→ **Given information**:
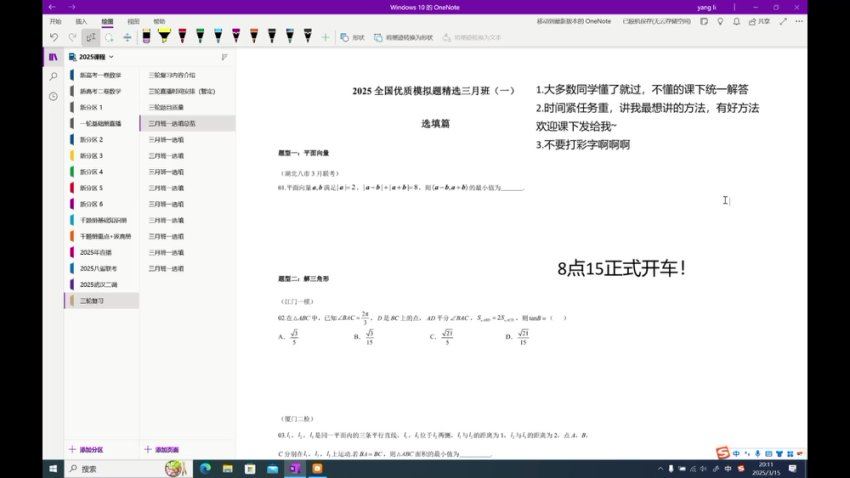 2025高三腾讯课堂【凉学长数学】三轮复习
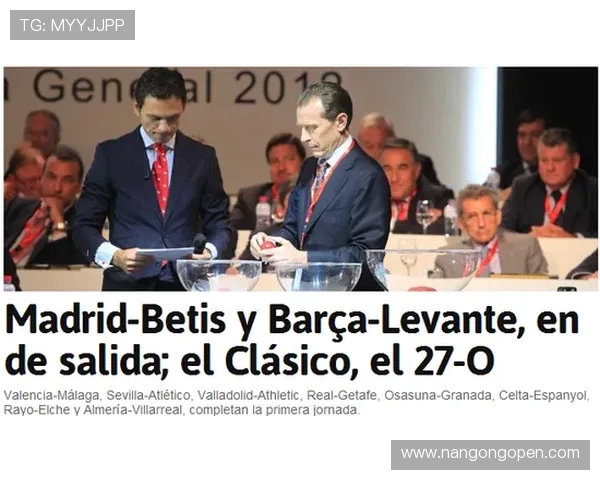 西甲联赛最新动态 巴萨与皇马激战在即 争冠形势愈加紧张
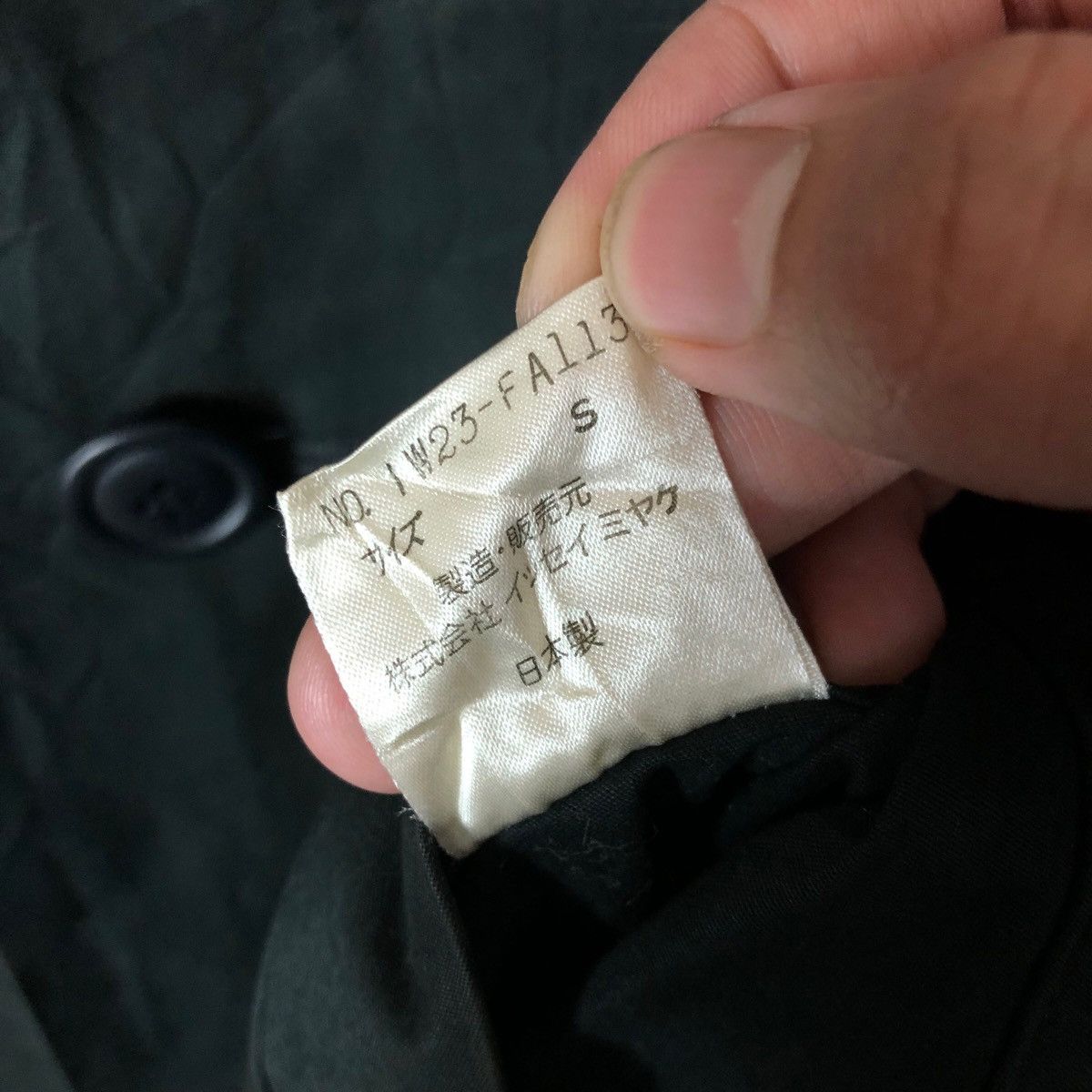 Issey Miyake ISSEY MIYAKE 80S WINDCOAT LONG JACKET Size US S / EU 44-46 / 1 - 8 Thumbnail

→ **Activity**: Reproduce the listing exactly, images omitted.

→ **Final answer**:
 2025高三腾讯课堂【凉学长数学】三轮复习
 西甲联赛最新动态 巴萨与皇马激战在即 争冠形势愈加紧张
 Issey Miyake ISSEY MIYAKE 80S WINDCOAT LONG JACKET Size US S / EU 44-46 / 1 - 8 Thumbnail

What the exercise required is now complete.